When you clone a compute instance, an internal backup of the boot and block volumes is created. In appliance software versions up to 3.0.2-b852928 those internal backups are visible to users. While not recommended, the backups could technically be used to create additional instances. Existing internal backups are not deleted during appliance upgrade or patching. However, in newer software versions the internal backups are no longer exposed.

Workaround: Do not create clones or new compute instances from the existing internal volume (group) backups. To remove old backups of storage volumes, ensure that all other backups and clones of the original source volume are terminated first.

Bug: 35406033

Version: 3.0.2

Limit for Volume Backups Not Enforced

The "Service Limits" chapter in the Oracle Private Cloud Appliance Release Notes specifies a limit of 100 volume backups per tenancy for a system with default storage capacity. This limit is not enforced: you can continue to create volume backups beyond the documented maximum.

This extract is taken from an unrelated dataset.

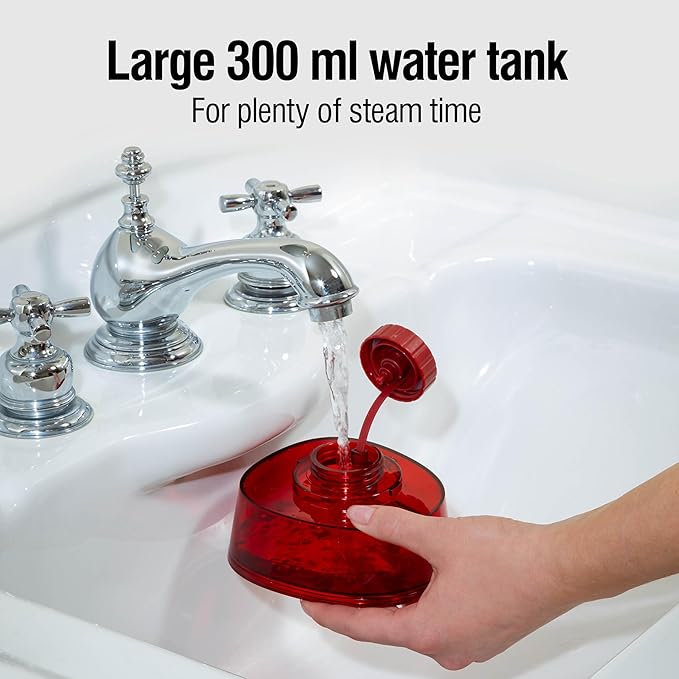 CHI Handheld Garment Steamer for Clothes 2 Continuous Steam Modes Full-Size 300 ml Capacity Water Tank Ergonomic Handle Vacation Essentials 1600 Watts 10’ Cord Red (11590) (Pack of 2)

Workaround: In theory, the maximum number of volume backups is limited by available storage on the ZFS Storage Appliance. The system is expected to handle thousands of volume backups across all tenancies. However, we recommend that an administrator monitors storage space consumption proactively if users create many volume backups.

Bug: 35509673

Version: 3.0.2

NFS Service Interruption During ZFS Storage Appliance Firmware Upgrade or Patching

When the firmware of the appliance's ZFS Storage Appliance is upgraded or patched, compute instances could encounter an interruption of NFS connectivity. The service outage occurs when failover/failback is performed between the storage appliance controllers, and it could take over 2 minutes to reestablish the NFS service. There could be multiple factors contributing to the delay: the NFS server's 90 second grace period to allow NFSv4 clients to recover locking state after an outage, the NFS protocol attempting to reconnect to the same TCP port, and the NFS client's kernel version.

Workaround: To reduce the outage time of NFS connectivity, it is recommended to use the mount options described in the note with Doc ID 359515.1. While the document describes optimizations for Oracle RAC and Oracle Clusterware, the mount options also improve NFS performance and stability in a Private Cloud Appliance environment.

Bug: 36348165

Version: 3.0.2